CEO Visinema sekaligus sutradara ternama, Angga Dwimas Sasongko, mengungkapkan pandangannya mengenai tantangan nyata yang dihadapi industri saat ini dalam Rapat Dengar Pendapat Umum (RDPU) Panja Kreativitas dan Distribusi Film Nasional dengan Asosiasi Perfilman di DPR RI pada Rabu, 8 April. Dalam forum tersebut, ia secara tegas menyebut bahwa persoalan utama bukanlah pada sektor distribusi seperti yang selama ini banyak dibicarakan.
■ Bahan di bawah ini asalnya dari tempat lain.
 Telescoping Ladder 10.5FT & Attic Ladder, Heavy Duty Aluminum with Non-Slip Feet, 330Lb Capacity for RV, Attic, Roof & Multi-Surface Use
Angga menjelaskan bahwa fokus permasalahan justru berada pada sektor pajak yang menurutnya belum sepenuhnya mendukung pertumbuhan industri film yang masih dalam fase berkembang. "Kalau ditanya tantangan sebagai pelaku usaha, isu utamanya bukan di sektor distribusi. Isu utamanya di sektor pajak," kata Angga dikutip dari YouTube TVR PARLEMEN.
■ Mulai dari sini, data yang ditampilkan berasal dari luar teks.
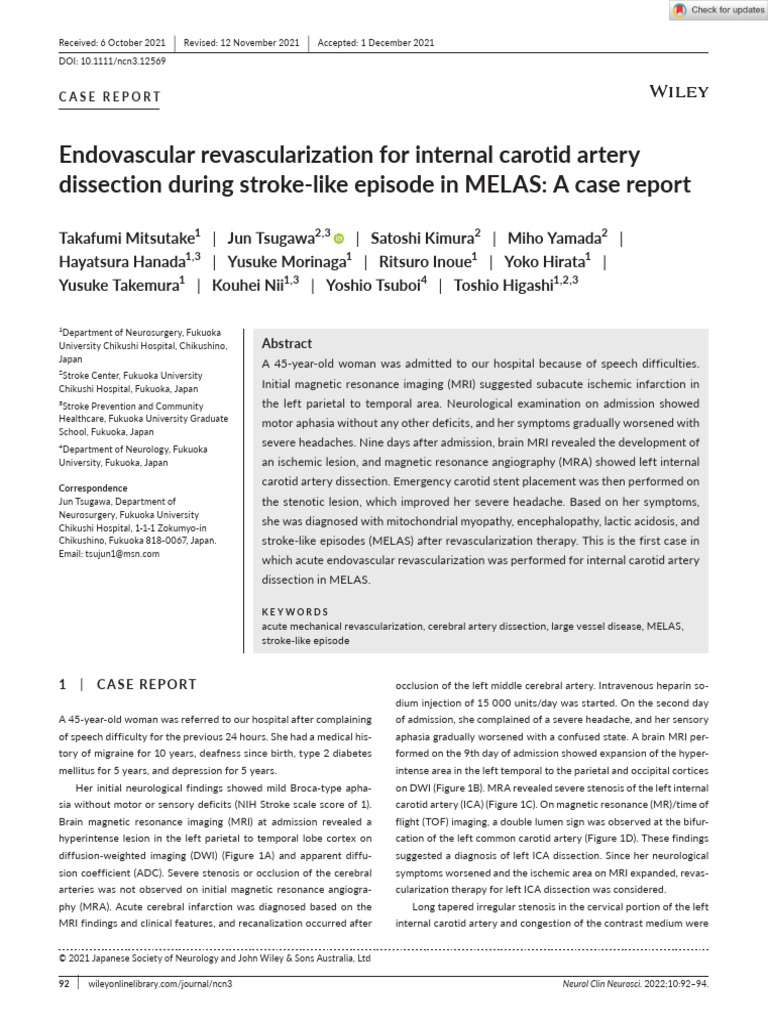 Endovascular Treatment for ICA Dissection in MELAS | PDF | Stroke ...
Butuh Kebijakan Pajak yang Jelas dan Insentif Tepat
Lebih lanjut, Angga memaparkan bahwa industri film membutuhkan kepastian hukum dan kebijakan yang pro terhadap pertumbuhan. Ia menekankan bahwa ketidakjelasan regulasi perpajakan menyulitkan pelaku usaha dalam merencanakan produksi dan promosi film secara jangka panjang.
"Sebagai pelaku industri, kami butuh kebijakan pajak yang lebih clear, yang lebih pro terhadap pertumbuhan usaha, dan insentif yang tepat," tuturnya.
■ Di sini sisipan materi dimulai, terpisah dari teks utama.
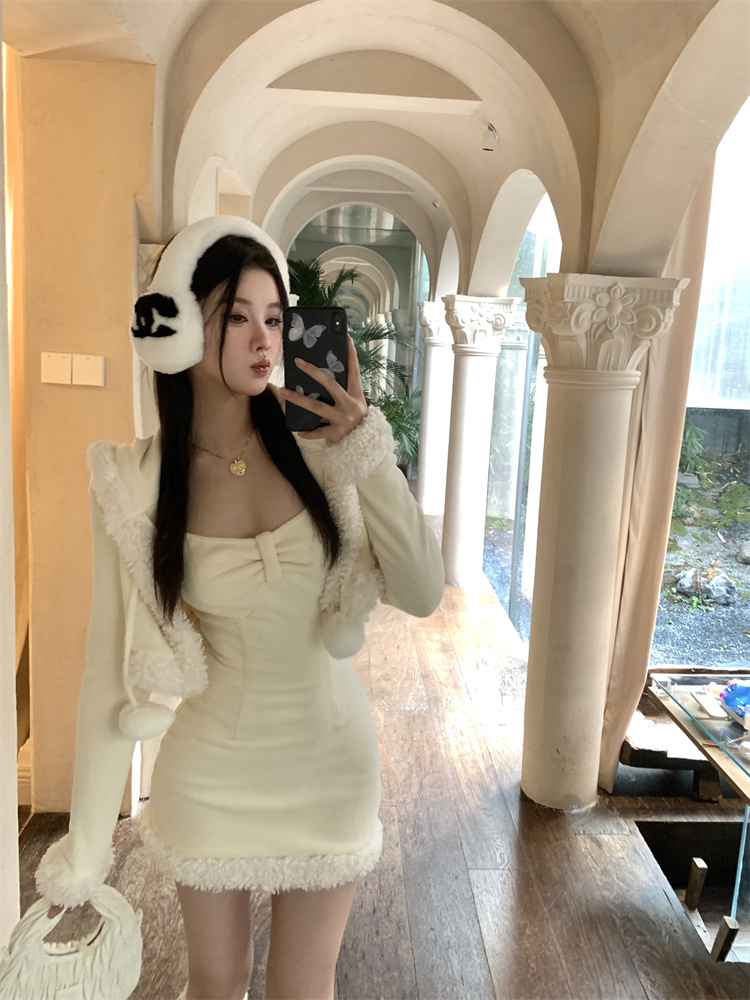 Sling long sleeve slim dress lovely rabbit ears coat 2pcs set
Salah satu bentuk insentif yang ia contohkan adalah keringanan pajak untuk kegiatan promosi. Menurutnya, moratorium pajak reklame untuk acara kebudayaan atau produk ekonomi kreatif seperti film akan sangat membantu pelaku industri memperkenalkan karya mereka ke masyarakat luas.
"Misalnya di sektor promosi, ada insentif seperti moratorium pajak reklame untuk acara kebudayaan atau produk ekonomi kreatif seperti film. Itu sangat membantu kami untuk memperkenalkan film Indonesia ke masyarakat," ucapnya.